Computerspielen in einer Reihe mit klassischen Süchten

Tübingen. Exzessives Spielen am Computer hat nach Ansicht von Experten mittlerweile ein ähnlich hohes Suchtpotenzial wie Alkohol. Drei bis vier Prozent der Konsumenten seien akut abhängig, schätzte Prof. Karl Mann von der Universität Heidelberg beim Deutschen Suchtkongress 2010.

Die Gefahr der neuen Medien, Automatenspielsucht und die gesellschaftlichen Folgekosten der Suchterkrankungen bilden den Mittelpunkt des dreitägigen Kongresses, der an der Universitätsklinik in Tübingen stattfindet.

Besonders Online-Rollenspiele wie „World of Warcraft“ seien stark nachgefragt, sagte der Kongressleiter Prof. Anil Batra. „Das Besondere an diesen Spielen ist die soziale Komponente durch die Bildung von Gemeinschaften im Internet.“ Viele Spieler erlebten nur dort Freundschaft, Selbstsicherheit und Schlagfertigkeit, die sie dann im realen Leben nicht umsetzen könnten.
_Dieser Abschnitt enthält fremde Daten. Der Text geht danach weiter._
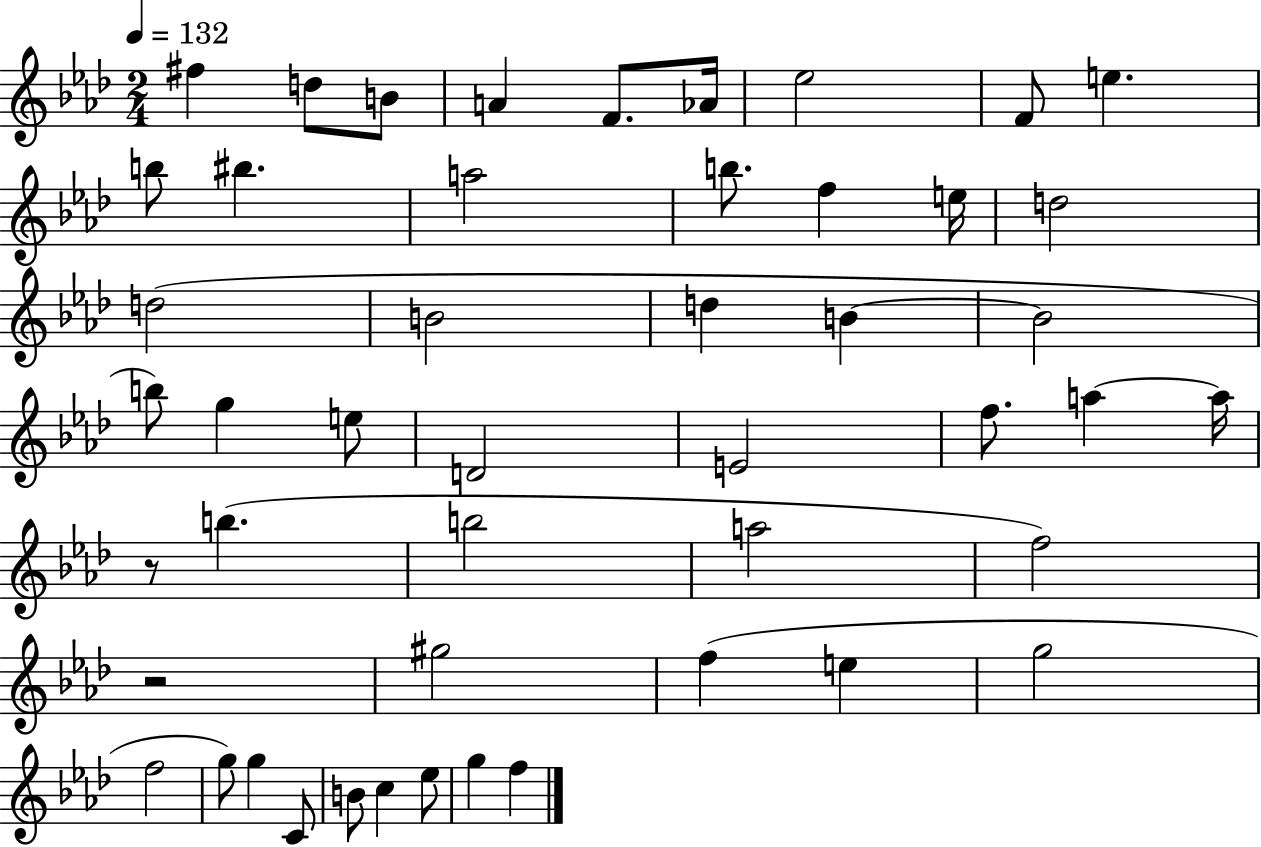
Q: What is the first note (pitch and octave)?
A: F#5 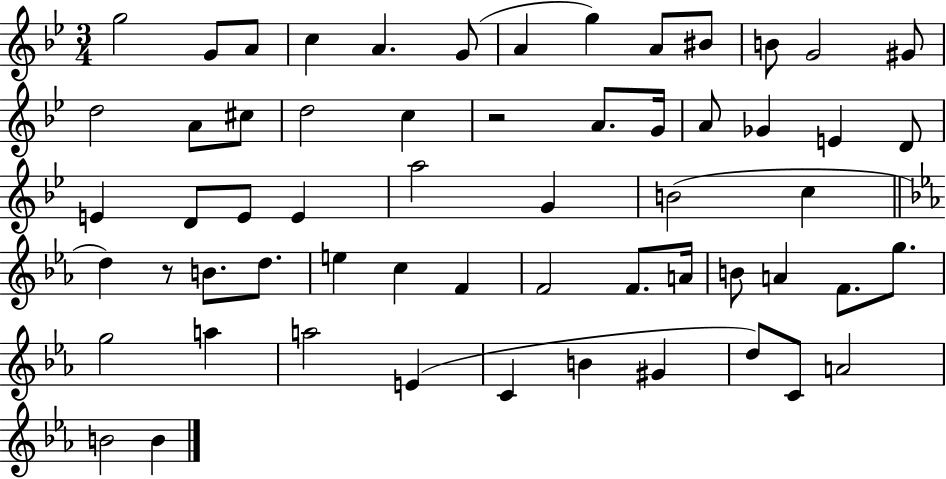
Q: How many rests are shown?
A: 2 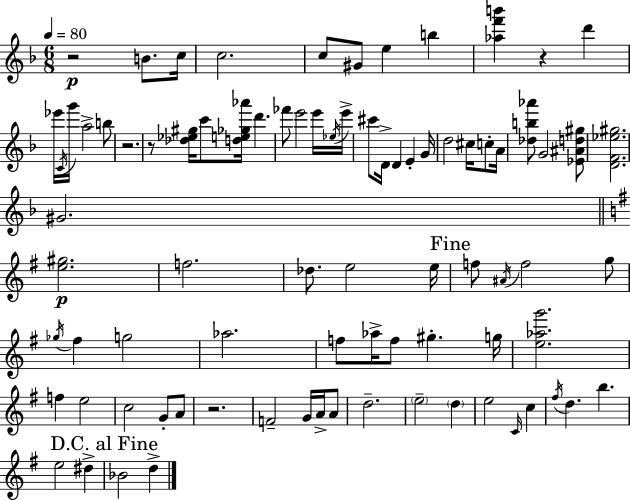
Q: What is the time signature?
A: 6/8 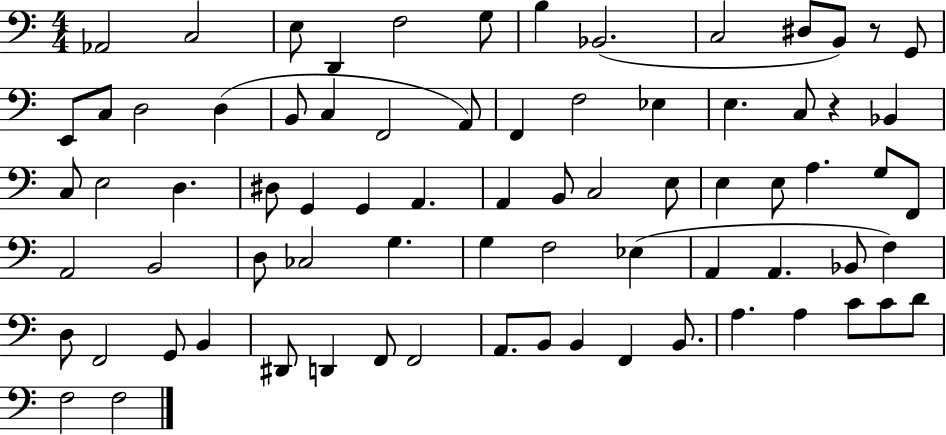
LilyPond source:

{
  \clef bass
  \numericTimeSignature
  \time 4/4
  \key c \major
  aes,2 c2 | e8 d,4 f2 g8 | b4 bes,2.( | c2 dis8 b,8) r8 g,8 | \break e,8 c8 d2 d4( | b,8 c4 f,2 a,8) | f,4 f2 ees4 | e4. c8 r4 bes,4 | \break c8 e2 d4. | dis8 g,4 g,4 a,4. | a,4 b,8 c2 e8 | e4 e8 a4. g8 f,8 | \break a,2 b,2 | d8 ces2 g4. | g4 f2 ees4( | a,4 a,4. bes,8 f4) | \break d8 f,2 g,8 b,4 | dis,8 d,4 f,8 f,2 | a,8. b,8 b,4 f,4 b,8. | a4. a4 c'8 c'8 d'8 | \break f2 f2 | \bar "|."
} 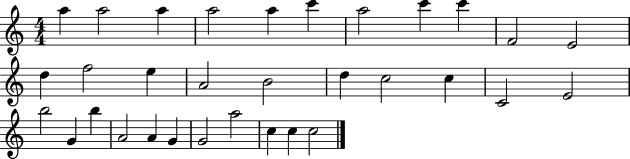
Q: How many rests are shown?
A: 0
Meist sei die Abhängigkeit von Computerspielen aber nur ein Ausdruck für ein anderes Problem. „Junge Menschen, die schon vorher zu Depressionen neigen oder eine schlechtere Lebensqualität haben, versuchen, emotionale Probleme mit dem Spielen zu überwinden.“ Dabei werde das Computerspielen selbst zum Problem. Auch die Nutzung des Internets selbst werde potenziell zu einer Gefahr, so Batra.

Es biete neue Kanäle für Probleme wie Kauf-, Kommunikations- und Sexsucht. Ein großes Problem ist weiterhin der Tabak- und Alkoholkonsum in Deutschland. Er sei nach wie vor der größte Risikofaktor für Krankheiten in den entwickelten Ländern. „Dies bringt auch eine erhebliche volkswirtschaftliche Bedeutung mit sich“, betonte Mann. Allein durch Alkoholmissbrauch entstünden der deutschen Gesellschaft unerwartet deutlich gestiegene Kosten von 26,7 Milliarden Euro pro Jahr.

Grund dafür sei insbesondere die Zunahme von exzessiven Besäufnissen. Bei der Tabak-Industrie überstiegen die Folgekosten mit 33,5 Milliarden sogar den Gesamtumsatz der gesamten Industrie. (dpa)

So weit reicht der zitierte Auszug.